Long day. We did construction. Specifically, we helped lay a foundation of a house that will house two or four families. I can't remember how many. It was good hard work involving mostly, for me, moving cement in buckets. cement is mixed much the same way we did in Mexico except that it was mixed on the ground and it was very sandy and rocky. It seemed like it would crumble very easily. We were told that since the earthquake they have been laying footers. They dig trenches and fill them with cement and large rocks in layers. They then go about e feet up making a short wall of rocks and "motor" (the same cement). The larger the rocks the better. But they are very neat and precise in how they do this. We left around noon just when they started the short wall and came back to help them finish. I say wall, but looking at other houses of similar construction it looks like they will fill it in so the foundation is actually 3 or more feet thick. They then start making walls out of brick.
So I learned something about the culture today. Hatians don't generally smile unless there is something funny whereas we smile quite often. at first I thought it was a bit of mistrust, but I was reaurred it wass not by Daulus. Also, when children she us they yell "blanco/blanca" when we walk by.
Most of the groups stayed at the mission to paint while Ken, Tom, Brandon and I went back to the work site. An interesting thing happened. Kati and Amanda were talking to several children during there time painting even getting a little "help" from them. I guess while they were talking to some a little boy pulled out a condom and turned around as if he might put it on. Kati and Amanda walked quickly away.

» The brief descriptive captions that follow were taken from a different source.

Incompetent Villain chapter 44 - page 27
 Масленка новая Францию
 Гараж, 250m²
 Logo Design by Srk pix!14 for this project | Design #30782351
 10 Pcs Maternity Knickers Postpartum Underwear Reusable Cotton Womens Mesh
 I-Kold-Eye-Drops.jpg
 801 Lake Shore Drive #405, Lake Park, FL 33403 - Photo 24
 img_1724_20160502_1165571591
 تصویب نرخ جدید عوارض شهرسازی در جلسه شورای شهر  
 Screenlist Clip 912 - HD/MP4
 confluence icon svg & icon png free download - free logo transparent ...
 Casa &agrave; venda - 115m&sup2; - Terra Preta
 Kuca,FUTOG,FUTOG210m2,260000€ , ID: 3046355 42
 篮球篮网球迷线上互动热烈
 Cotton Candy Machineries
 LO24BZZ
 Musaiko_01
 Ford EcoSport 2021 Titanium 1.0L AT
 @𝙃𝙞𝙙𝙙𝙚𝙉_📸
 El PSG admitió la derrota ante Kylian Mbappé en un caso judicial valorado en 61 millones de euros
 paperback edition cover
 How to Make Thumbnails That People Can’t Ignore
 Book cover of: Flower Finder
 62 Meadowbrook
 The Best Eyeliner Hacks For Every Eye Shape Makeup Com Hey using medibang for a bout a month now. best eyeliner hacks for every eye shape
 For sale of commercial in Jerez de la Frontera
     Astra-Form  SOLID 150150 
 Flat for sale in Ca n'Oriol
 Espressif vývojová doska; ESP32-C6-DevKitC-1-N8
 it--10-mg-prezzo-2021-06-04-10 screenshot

So far everyone has been very hospitable and somewhat eager to speak with us. Hatians are very loving people and there is a strong sense of community with the ones we are around. The ones we worked with at the site are all people who work here at the mission. Some of them, if not all, have been affected by the earthquake. I heard one person tonight say that they lost a relative. There is actually a tent city on the mission grounds housing 30 to 40 families. Edwins went into town and bot beans, cornmeal, rice and oil for us. We are going to distribute it tomorrow.
I really like the phiosophy here. They aren't just supporting people here. They are trying to teach them responsibility and help them get back on their feet. The gift we give them tomorrow will be called a gift from us and not the mission.
Another cultural thing I noticed stems back top the African culture. Hatians pay great respect and honor to the "chiefs" or leaders. Louie and I are treated very well. Pastor Prophete told us that the first and only complete translation of the Creole Bible translates pastor as chief. He says this gives the wrong conotation as chiefs are not servants but are men whoare served.
There is a young man who does not belong to the mission who is tagging along with us. He seems to be generally interested in our culture and getting practice speaking English. It sounds like he wants to become a pastor. He asked if I would send him books, particularly, a commentary. He gave me his address. Later as we were walking back from the worksite (a very rocky road. I twisted my ankles three times) he asked me, in a round about way, if I could scholarship him so that he could come to an American university. People need money! He was not shy in his asking.
I got to talk to Tami online tonight. It is nice to be in another country and still be able to easily communicate with the outside world. The mission as wi-fi. It is kind of funny. All this poverty and yet we are able to communicate through the intenet.
It seems like the people who work for the missionare treated very well. They have food, clothes, access to the internet and I even saw an Ipod tonight.
I think the teens are loving it here. I am concerned with Patty however. She is not handling the heat very well. It did not seem like Louie was doing that good either although tonight he seemed a lot better. On the other hand my cousin Lisa seems to be doing great. I think she has the missions bug already. She expressed her gratitude in that her first missions trip was with me.
Okay. It is 10 and I need sleep. Breakfast is at 6:30. I'm not sure what we will be doing tomorrow morning. Hopefully construction. Tomorrow night we will do a light version of the VBS for kids who attend the mission school.